Palm Blows It

In what may be the biggest what-were-they-thinking story of the decade, Palm ships a product with operating system software by its competitor, Microsoft. A Forbes article sums it up: ‘…When Palm announced today that its new smartphone would run an operating system from Microsoft, it was the equivalent of Coca-Cola agreeing to fill its bottles with Pepsi…’ The tragedy of this story is not the usual Microsoft crushing a competitor with its monopoly, but how Palm, a company with a great product, has managed to destroy itself slowly over the years.

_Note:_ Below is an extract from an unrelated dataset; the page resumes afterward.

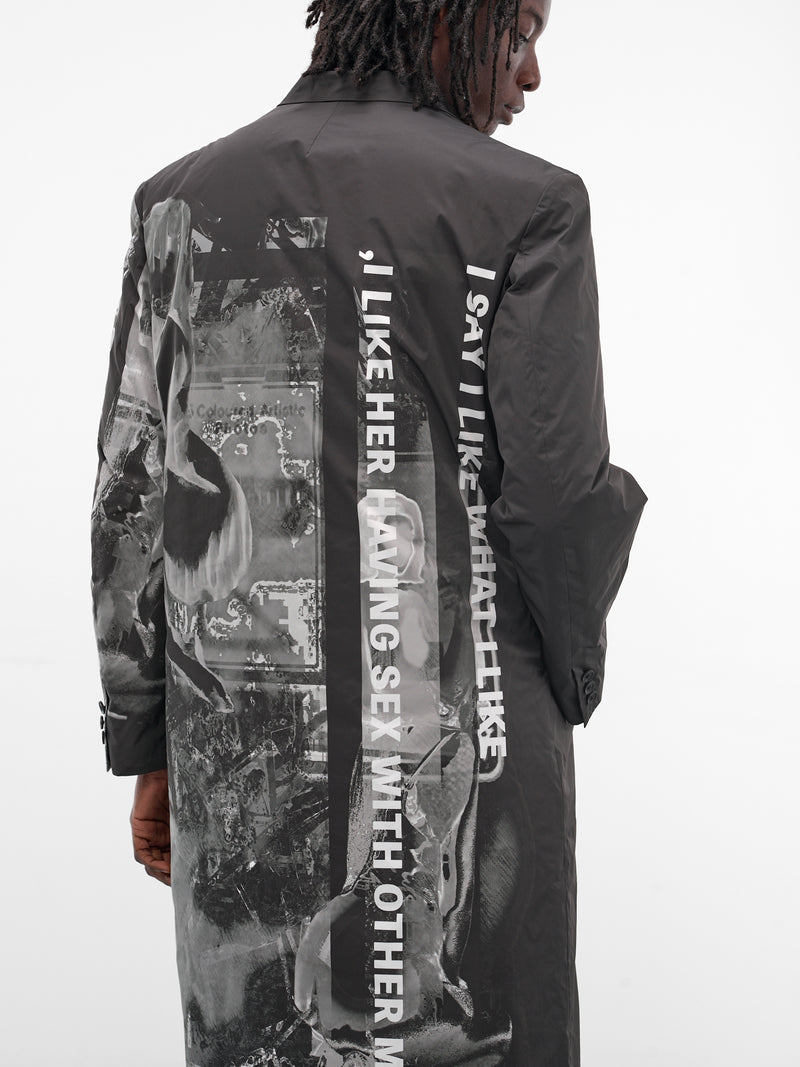 Black Reversible Graphic Padded Coat (HL-J44-831-BLACK)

My observations as the reasons for Palm’s current and continuing demise:

 

  • Palm’s products have been wildly over-priced for years.

 

 

  • Palm has been simply re-packaging the same old hardware and charging a premium price for it.
  • The company has created tremendous confusion over the years by introducing a multitude of ‘new’ models that are basically the same thing. The same for its desktop software, mutltitudes of ‘upgrades’ that essentially do the same thing.

 

 

  • Some of Palm’s products have had no new features for years with no decrease in price.

 

 

  • Palmtop computers that cost as much as a laptop are an obvious dead-end. Something that can be dropped in mud, kicked and otherwise easily broken and costs over $300 limited Palm’s market.

 

 

  • Company name and logo change of the week: Palm Pilot, Palm Computing, Palm Source, PalmOne, Palm. This must be how they’ve kept themselves busy over the years: simply changing names and logos back and forth instead of improving their product.

 

All of this reeks of colossally bad management or a marketing department run-amuck at Palm. They’ve sold the same warmed-over merchandise at a premium price for years when they should have been cutting prices and adding features. This is not an instance of Microsoft out-competing Palm, this is an instance of Palm destroying itself. Palm could have been like Quicken who has successfully fended off Microsoft for years. Now Microsoft is ready to add another corporate corpse to its belt through sheer incompetence on the part of Palm.

Is this another instance of companies like Harley-Davidson and Rolm which were mergered and acquisitioned to death? Whether Palm was wrecked by its acquisition by 3Com, the subsequent spin-off, or by its own poor management or all the above is an open question. If I were a shareholder I would be revolting.

An appropriate suitor to get Palm out of this mess: Apple. If Apple revived the Palm OS by putting it on its best-selling iPod, things could change overnight. Given Palm’s history of attempting to blow the brains out of its own cash-cow, I doubt this will happen.

In the end the consumer is the one who is suffering by having to buy Palmtops in a market dominated by Windows Mobile and Palm OS, both of which cost too much. This could all become an opportunity for Linux-based handhelds.